Home » US Oil Prices Keep Rising as Iran War Proves More Disruptive Than Markets Expected

US Oil Prices Keep Rising as Iran War Proves More Disruptive Than Markets Expected

by admin477351

 

The Iran war has proven more disruptive to global energy markets than initially anticipated, and US oil prices keep rising as the conflict enters its third week. Analyst Patrick De Haan has forecast Monday pump prices at $3.80 to $3.85 per gallon, while $4 gasoline remains a realistic near-term possibility. The unexpected scale and duration of the disruption has forced a series of upward revisions in price forecasts across the energy industry.

Markets initially expected a shorter and less severe conflict when the US-Israel campaign against Iran began on February 28. Three weeks later, the national gasoline average has risen 23% to $3.70 from below $3 per gallon, and analysts are revising their outlook higher with each passing week. The depth of the supply disruption caused by the systematic targeting of oil infrastructure and the Hormuz blockade has exceeded the expectations of many energy market forecasters.

Friday’s US strike on Kharg Island, targeting one of Iran’s most vital oil assets, confirmed that the conflict’s impact on energy infrastructure has been more extensive than many market participants initially modeled. Iran’s continuation of the Strait of Hormuz blockade has extended the removal of roughly 20% of global oil supply from international markets well beyond what markets initially anticipated. Brent crude ranged from $103 to $106 per barrel Monday, while US crude held near $94 after briefly touching $100 the previous day.

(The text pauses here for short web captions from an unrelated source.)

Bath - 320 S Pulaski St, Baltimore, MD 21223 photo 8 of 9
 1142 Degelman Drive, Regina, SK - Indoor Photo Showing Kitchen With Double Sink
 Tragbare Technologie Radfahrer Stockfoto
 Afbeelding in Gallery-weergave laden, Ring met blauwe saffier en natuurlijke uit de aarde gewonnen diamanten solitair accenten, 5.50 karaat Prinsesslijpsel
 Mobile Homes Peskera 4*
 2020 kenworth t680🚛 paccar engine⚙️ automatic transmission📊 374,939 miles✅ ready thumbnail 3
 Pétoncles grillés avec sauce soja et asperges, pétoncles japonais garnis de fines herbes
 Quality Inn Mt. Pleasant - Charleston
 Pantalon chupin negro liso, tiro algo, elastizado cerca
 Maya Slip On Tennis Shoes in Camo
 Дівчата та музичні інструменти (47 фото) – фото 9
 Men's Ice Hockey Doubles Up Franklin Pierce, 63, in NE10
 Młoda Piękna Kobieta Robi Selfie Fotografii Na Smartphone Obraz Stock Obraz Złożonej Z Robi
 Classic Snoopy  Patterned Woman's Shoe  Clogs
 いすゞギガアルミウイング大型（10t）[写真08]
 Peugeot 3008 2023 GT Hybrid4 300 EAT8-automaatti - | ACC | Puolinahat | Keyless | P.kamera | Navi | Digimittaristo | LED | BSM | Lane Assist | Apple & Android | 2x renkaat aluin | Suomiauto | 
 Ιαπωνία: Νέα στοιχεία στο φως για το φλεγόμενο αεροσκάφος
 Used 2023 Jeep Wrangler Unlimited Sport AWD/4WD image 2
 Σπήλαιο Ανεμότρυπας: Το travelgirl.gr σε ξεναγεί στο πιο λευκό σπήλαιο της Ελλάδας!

California faces average pump prices above $5 per gallon, with some Los Angeles stations posting above $8. National diesel costs for commercial transport could reach $5.15 per gallon. Exxon CEO Darren Woods and the leaders of Conoco and Chevron have each updated the White House on the worsening supply picture, with Woods specifically noting that speculative market activity has amplified the already significant price impact of physical supply shortfalls.

Wall Street made modest gains Monday, the S&P 500 rising about 1% as crude prices briefly retreated. Oil company shares have reached record highs since the conflict began. The unexpected depth and duration of the Iran war’s market disruption suggests that US oil prices could remain elevated for longer than most initial forecasts anticipated.